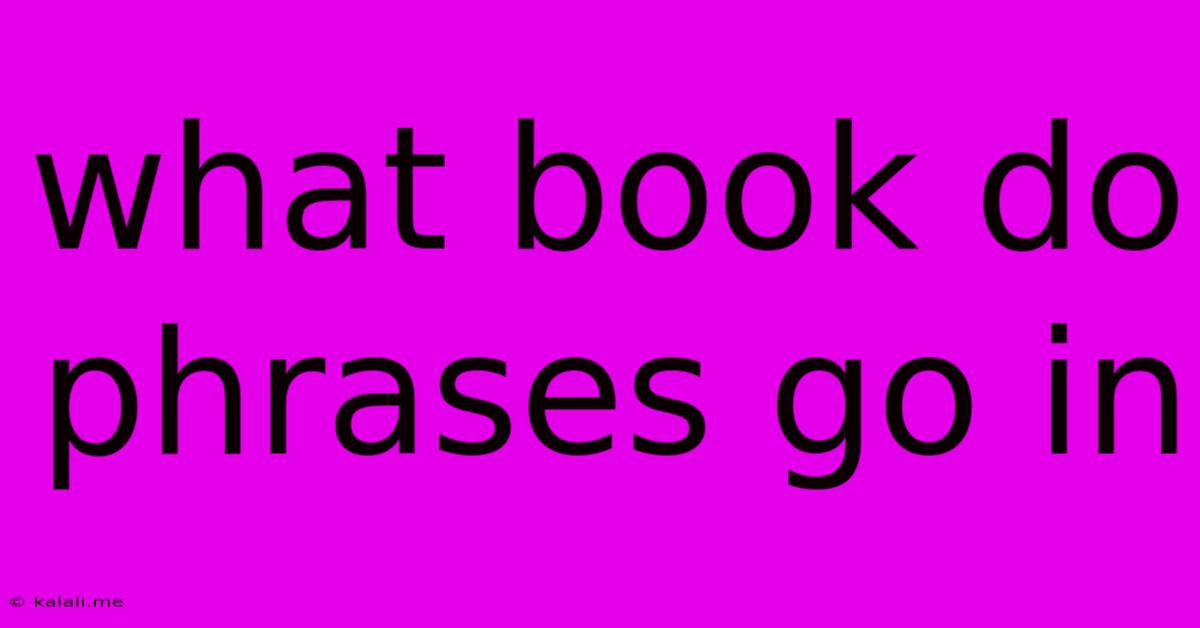 What Book Do Phrases Go In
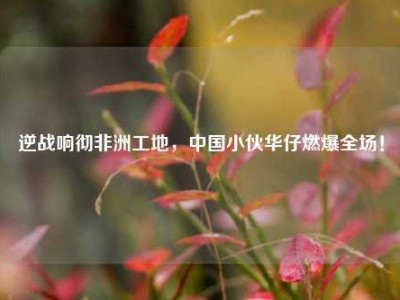 逆战响彻非洲工地，中国小伙华仔燃爆全场！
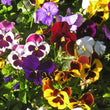 Load image into Gallery viewer, Pansy Velvet Mixed - flower seeds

● **About this exercise**:
Return only what lies between the line containing "逆战响彻非洲工地，中国小伙华仔燃爆全场！" and the last line of the listing, those two lines included, exactly as written and with no pictures.

● **Output of the exercise**:
 逆战响彻非洲工地，中国小伙华仔燃爆全场！
 Load image into Gallery viewer, Pansy Velvet Mixed - flower seeds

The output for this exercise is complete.